Theme 2 Objectives:
- Pipeline combining computation and dimensionality reduction to dramatically reduce the data flow off the sensor
- Adaptable feature extraction, integrated with Thrust 3
- Multi-layer: analog feature extraction (AFE) followed by digital feature processing (DFP)
- Multi-modal: features are fused at the digital output
- Fundamentals: what are the theoretical limits of a given feature extraction architecture?
Theme 2 Highlights
Task 2.1: Quantization Compensation in Feature Extraction
Task 2.2: Analog CIM Chip Design for Broadband Digital Beamforming
We’ve successfully taped out BeamCIM, a cutting-edge mixed-signal Compute-In-Memory (CIM) accelerator optimized for beamforming applications. BeamCIM leverages Linear Embedding (LE) techniques to efficiently transform high-dimensional input data into compact, lower-dimensional features, enabling fast and power-efficient beamforming performance. Designed for next-generation signal processing tasks, BeamCIM pushes the boundaries of speed, scalability, and system integration.

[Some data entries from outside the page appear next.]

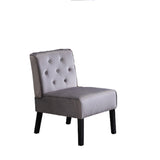 ZUN Reese 53" 2Piece Living Room Armless Button Tufted Pattern Accent Chair with Velvet Fabric and B2735P271024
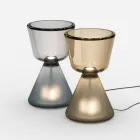 Stolní lampa z foukaného muránského skla LED vyrobená v Itálii - Isola Viadurini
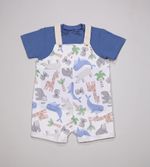 Jardineira-Camiseta
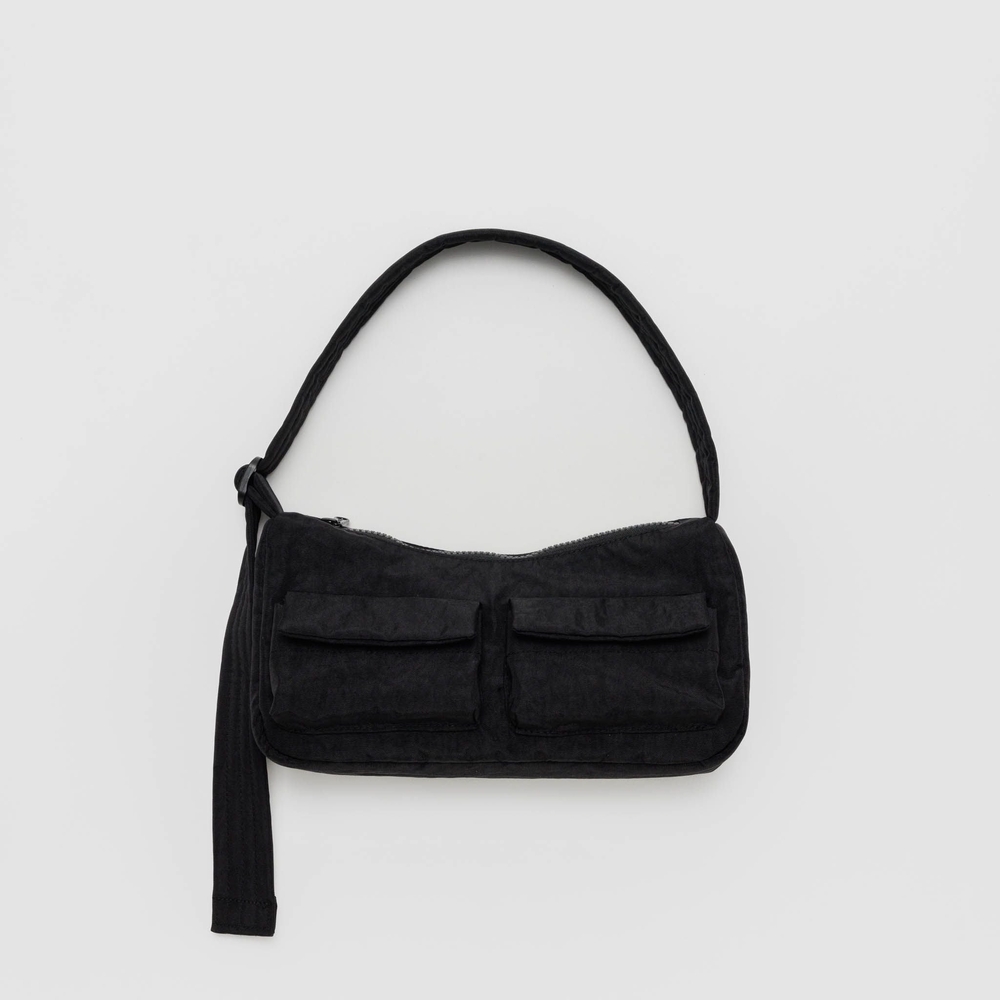 Baggu Cargo Pocket Shoulder Bag Black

Continued Task 2.2: Hybrid Slepian Beamformer Overview
- ADC reduction without beam squinting errors
- MAC and ADC co-design improves power and area efficiency
- Simplified multi-phase clock-generation for scalability
- Fabricated in 28-nm CMOS, 8-element, 2-beam receiver with 7.8 mW and 0.02 mm2 / beam
Task 2.3: Adaptive Multi-Modal Sensor Fusion
Objectives: Deep learning driven, adaptive lidar/radar/video sensor fusion with data and/or complexity reduction.
Current Accomplishments:
Task 2.4: A 22nm 9.51 TOPS/W HTNN Processor with 2MB MRAM
We developed the first structured-sparse Walsh-Hadamard NN processor with on-chip MRAM, enabling compact, energy-efficient radar inference. Demonstrated on a Cognisense radar workload, the chip integrates a specialized architecture and memory system optimized for sparse-orthogonal computations.
To address MRAM’s leakage and read energy, we use layer-wise power gating and a multi-clocked weight cache, achieving 9.51 TOPS/W at 33% weight density. When applied to a ChirpNet-style radar model, our transform layer delivers 2.4× better performance and 2.1× energy efficiency over recent CNN baselines—with no accuracy loss.